*What this task involves*.
In the listing that follows, print every line exactly and leave the images out.

*The data*.

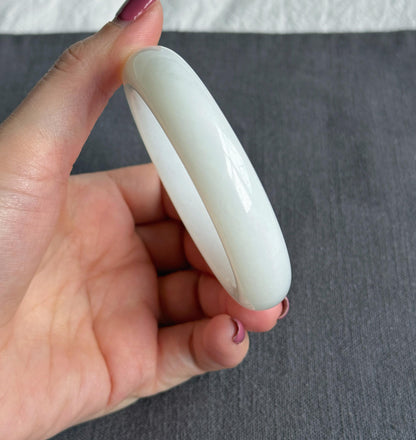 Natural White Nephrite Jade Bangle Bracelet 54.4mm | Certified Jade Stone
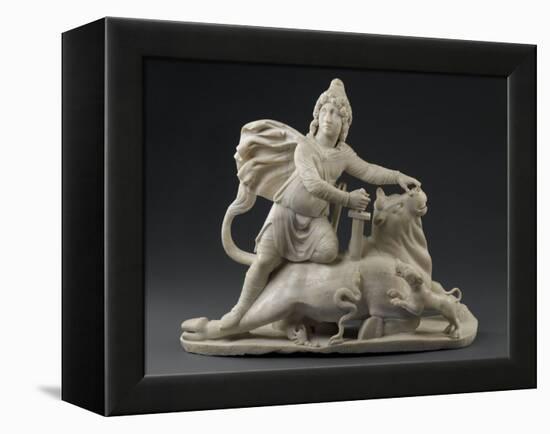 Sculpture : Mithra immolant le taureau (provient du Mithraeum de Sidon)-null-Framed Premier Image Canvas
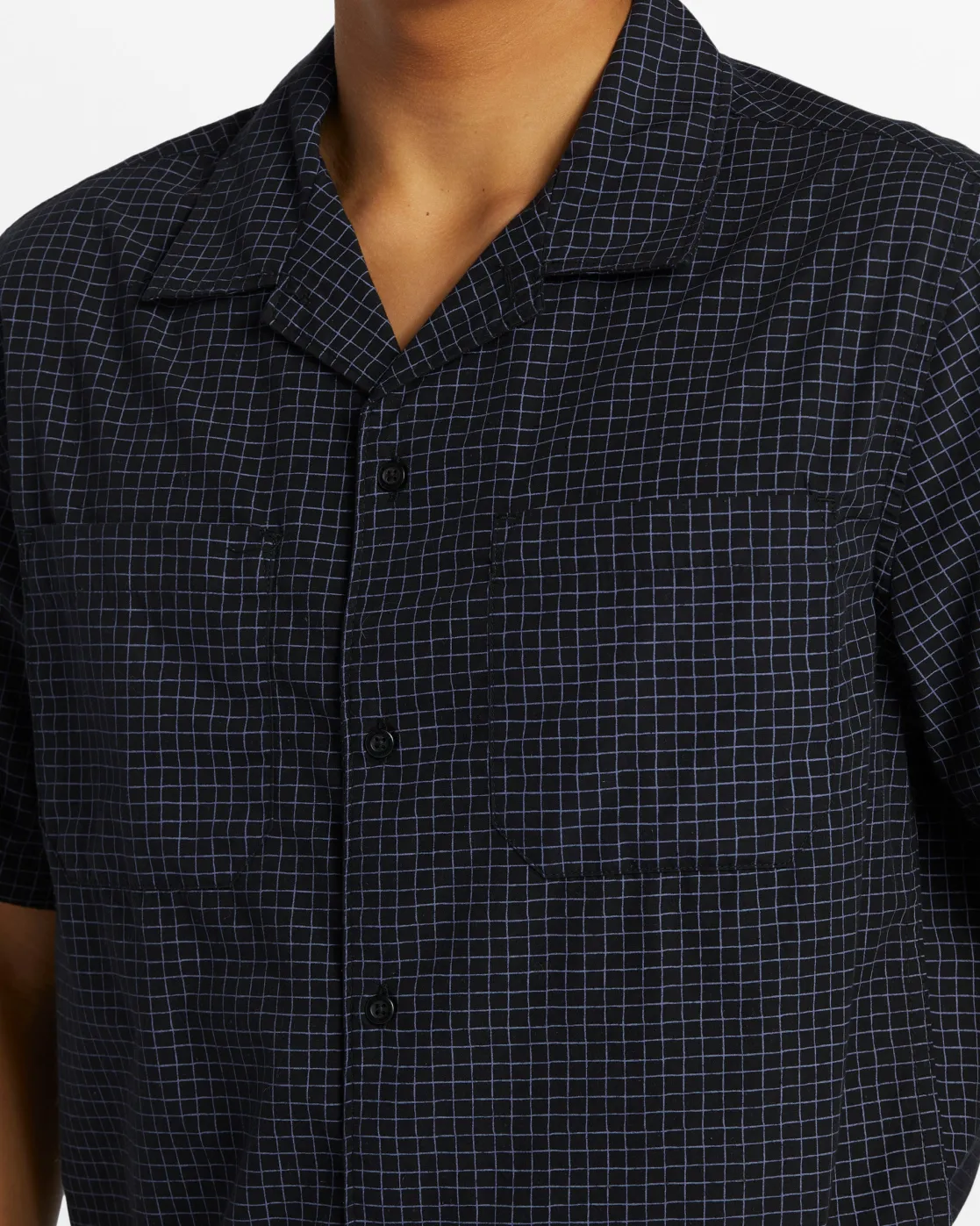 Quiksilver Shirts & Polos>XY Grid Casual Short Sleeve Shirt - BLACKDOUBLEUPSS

*Task output*.
 Natural White Nephrite Jade Bangle Bracelet 54.4mm | Certified Jade Stone
 Sculpture : Mithra immolant le taureau (provient du Mithraeum de Sidon)-null-Framed Premier Image Canvas
 Quiksilver Shirts & Polos>XY Grid Casual Short Sleeve Shirt - BLACKDOUBLEUPSS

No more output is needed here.